Chapter 15
Fifteen
Piper
The sun is barely up when I slip out of the room.
I leave a note on the nightstand: Gone for coffee, back soon. It seems rude to vanish after the man has spent the last eighteen hours essentially reorganizing his entire life around my crisis. The least I can do is come back with caffeine.
The morning air outside the hotel is cool, so I stop on the pavement and just breathe.
Opal Creek. Not a bad place to have a breakdown.
The streets are busier than I expected—a delivery van idling outside a bakery and a man arranging a fruit stand. I pass a hardware store that apparently opens at 6 a.m. because country music is already bleeding out of the propped-open door.
I haven’t really looked at anything since running from the church. I’ve been moving from one crisis to another with my eyes on the middle distance, just trying to stay upright. But this morning, in yesterday’s new jeans and with no one needing anything from me, I can just… see.
I’m doing quite well. I’m just a normal woman having a normal morning walk.
Two women are sitting outside a café up ahead. They spot me from half a block away. One leans toward the other. The other nods. They both stare.
You’re being paranoid.
I’m having a difficult week, emotionally speaking, and I’ve manufactured a fantasy where random strangers in a town I’ve never visited are aware of my personal drama.
I smile at them as I pass.
One of them says, clear as a bell, just as I push open the door to the coffee shop: “That’s her.”
I’d ignore it, but when I step inside, every single head in the place turns toward me.
It isn’t a subtle glance-up-from-the-menu. It’s full stranger-just-walked-into-a-Wild-West-saloon attention. I freeze. One man lowers his newspaper. The barista stares at me, clutching a carton of milk.
“Morning?” I offer.
Nobody answers. The whispering picks back up like someone turned a dial.
“Can I get two coffees?” I ask the barista.
She leans forward. “You’re her, aren’t you? The bride?”
The acoustics in here are extraordinary. The whole room hears it.
Oh, no. I’m going to die. Right here, in Opal Creek, I’m finally going to succumb to the shame.
I reach for my wallet out of habit… my wallet, which sits in my bag. My bag, in the apartment in the city. With Ezra. Along with my phone, my cards, and everything else I own.
The realization hits me square in the chest.
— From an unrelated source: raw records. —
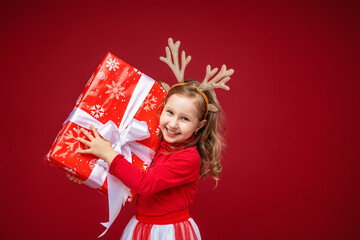 Happy little girl 4 years old in reindeer antlers on a bright red background. child is happy and holds gift in his hands and stretches it forward. Give gifts. New year sales, advertising, discounts.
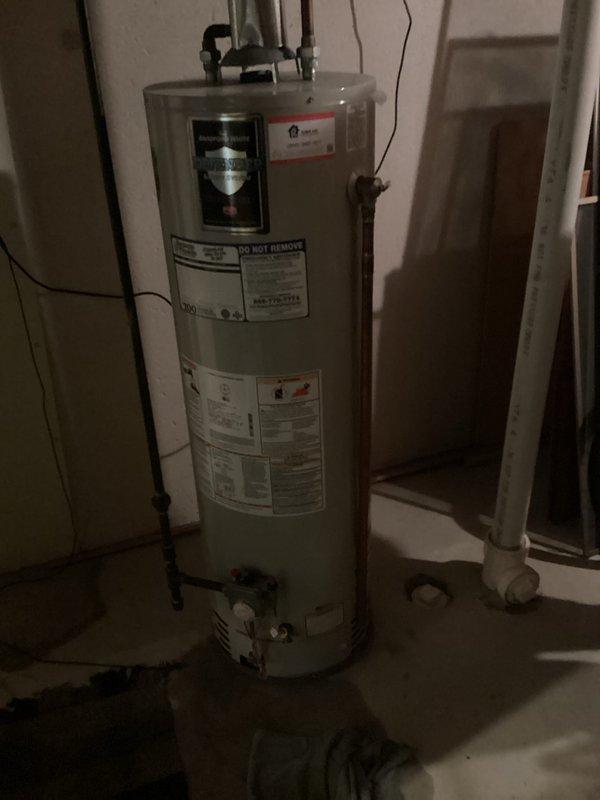 Performed on-site assessment of existing gas-fired water heater located in basement utility area. Documented current installation including copper supply lines with shutoff valve, temperature and pressure relief valve configuration, gas control assembly, and venting system with PVC exhaust piping. Evaluated unit age, condition, and operational status to provide replacement estimate. Photographed existing water heater installation showing manufacturer specifications, plumbing connections, gas line routing, and surrounding mechanical equipment including adjacent water treatment system. Assessed accessibility for replacement work and identified installation requirements for new unit.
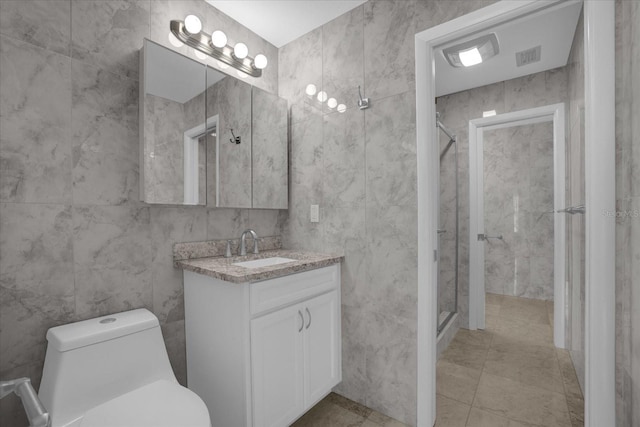 3506 Seaway Dr, New Port Richey, FL 34652 - bathroom with toilet, tile walls, a stall shower, and vanity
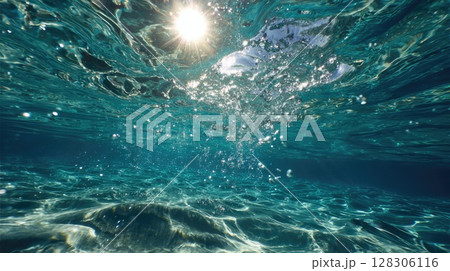 serene underwater scene with the sun's rays piercing through the ocean surface serene underwater scene with the sun's rays piercing through the ocean surface 128306116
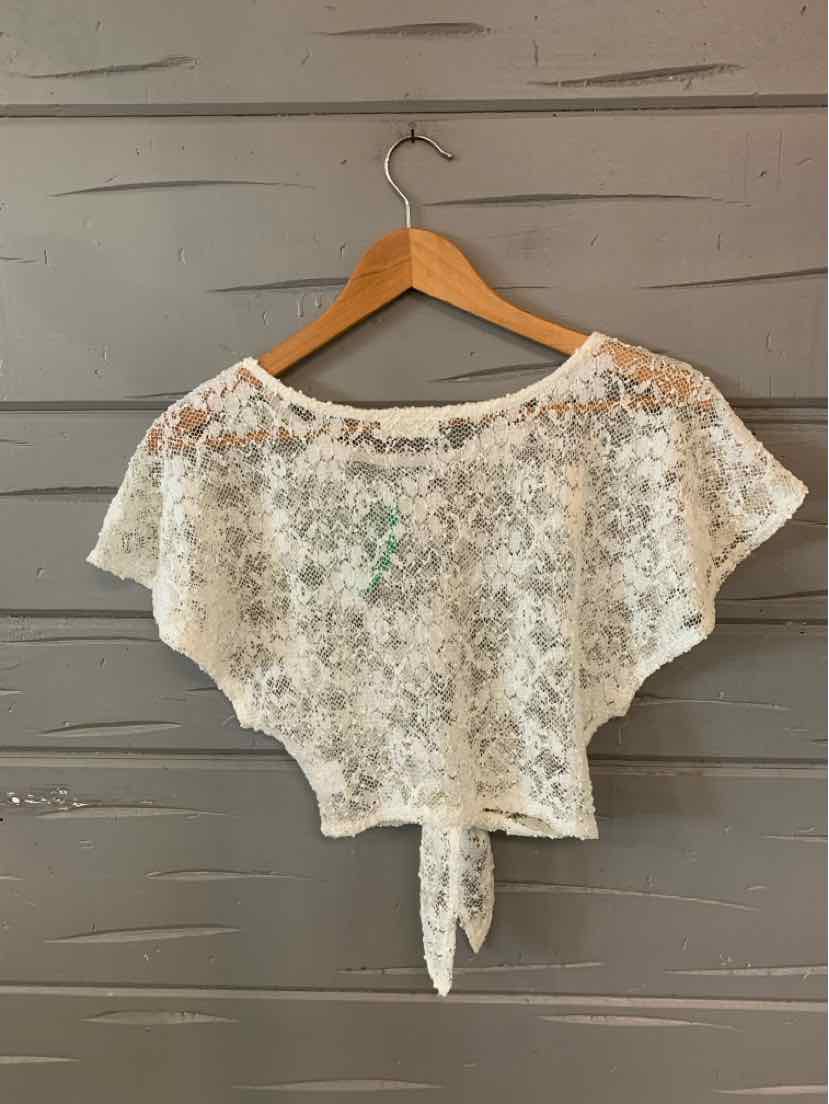 White lace cropped blouse with short sleeves and tie-front detail on wooden hanger.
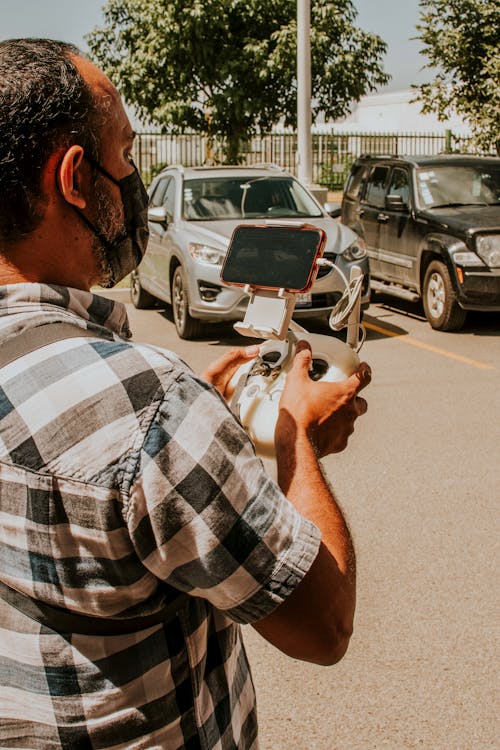 Man Operating a Dorne Controller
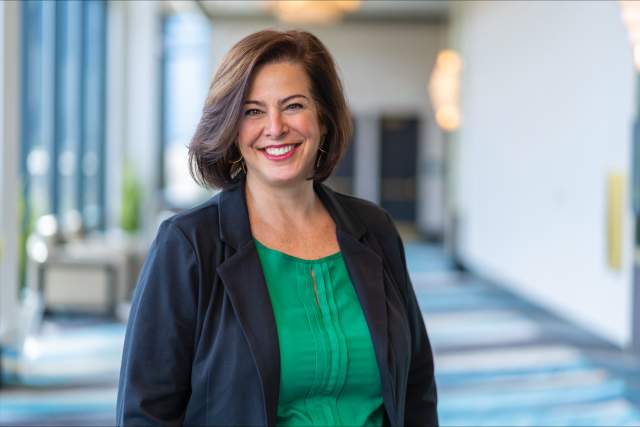 Smiling woman in green shirt and dark blue blazer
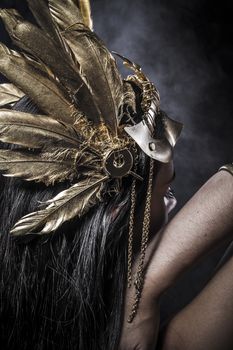 Sensual young woman with golden mask jewelry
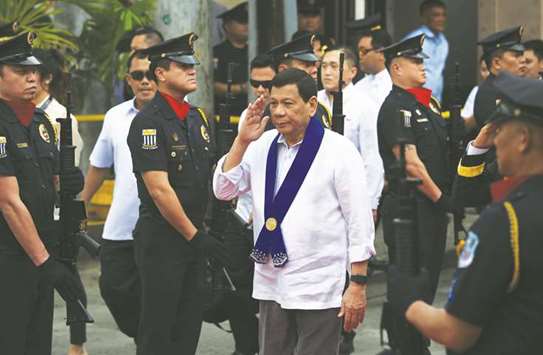 A recent photo shows President Rodrigo Duterte saluting as he arrives to attend the Bureau of Customs anniversary in Manila.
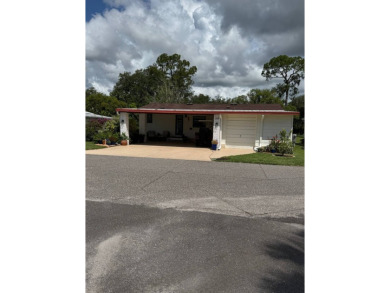 This beautifully maintained 3-bedroom, 2-bath Palm Harbor home on The Meadows At Countrywood in Florida - for sale on GolfHomes.com, golf home, golf lot
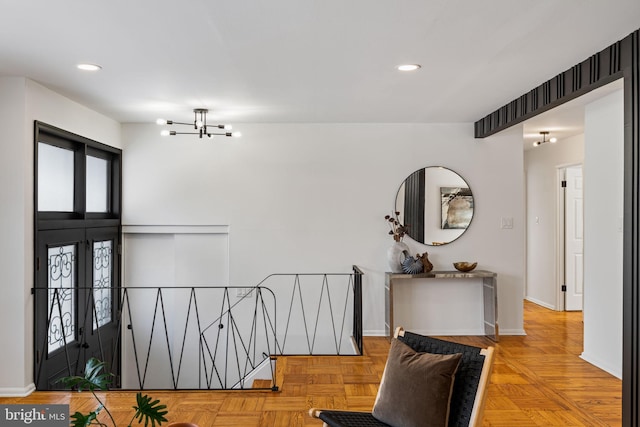 foyer featuring a notable chandelier and light parquet flooring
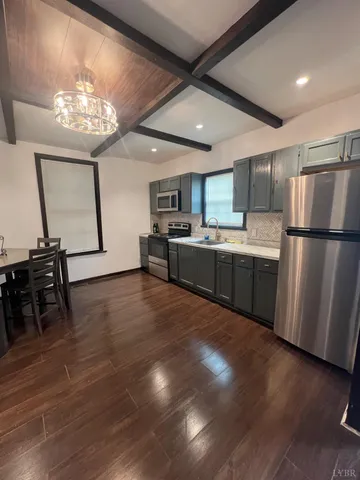 a kitchen with stainless steel appliances granite countertop a refrigerator stove top oven and sink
I’ve reached the no-resources stage of my collapse.
“Shit,” I say quietly. “I can’t—I don’t have anything with me. I can’t pay.”
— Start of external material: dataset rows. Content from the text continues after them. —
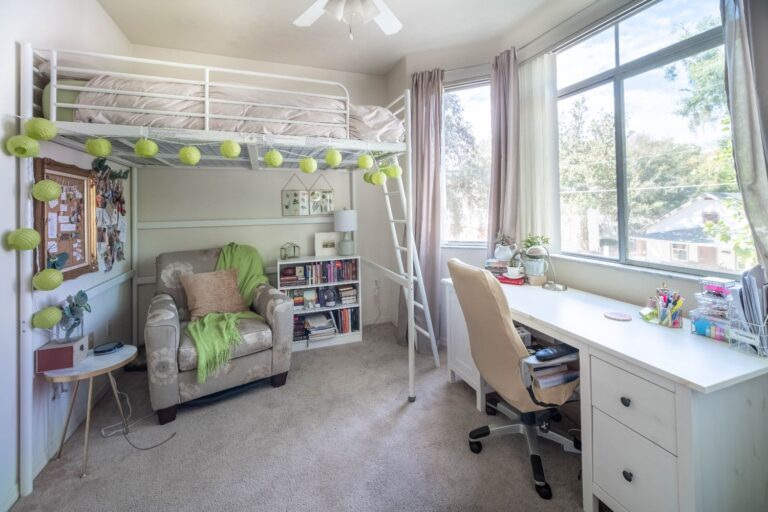 This bedroom has a large bay window and en-suite bathroom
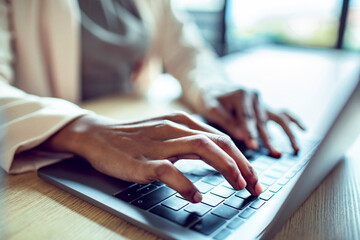 Close up of female hands typing on a laptop keyboard
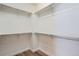 Walk-in closet with shelves and wood floor at 4625 Walden Ct, Denver, CO 80249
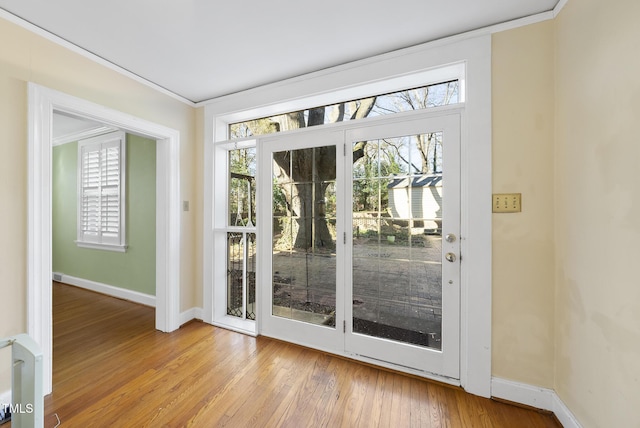 entryway featuring ornamental molding, a healthy amount of sunlight, and light hardwood / wood-style flooring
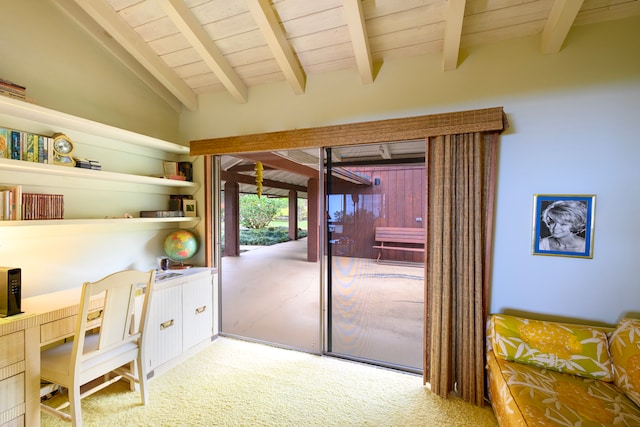 home office featuring lofted ceiling with beams, carpet floors, built in desk, and wood ceiling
“It’s fine.” I turn to see Griffin behind me, looking like a man who threw himself together in three minutes flat. His shirt is wrinkled, and his hair is doing that thing men’s hair does when it should look terrible but instead looks like it belongs in a high-end editorial.
He slides his card across the counter.
The barista takes it, her expression shifting as she reevaluates her morning.
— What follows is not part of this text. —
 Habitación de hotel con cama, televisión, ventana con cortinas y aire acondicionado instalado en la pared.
“Thanks,” I mumble, feeling hoarse and defeated.
From somewhere behind me, a man with an impressive handlebar mustache clears his throat. “Congratulations, you two.”
“You picked the right man!” someone calls out.
“He’s handsome,” a woman adds. “Tired-looking, but they all are after the wedding night.”
Griffin makes a strangled sound.
“Come on, lovebirds,” a waitress named Joelle says, beaming as she waves us toward a corner booth. “Breakfast is on the house.”
We follow her because resistance is clearly futile. The booth offers partial cover, which I appreciate.
We order the works. My appetite has returned with a vengeance this morning.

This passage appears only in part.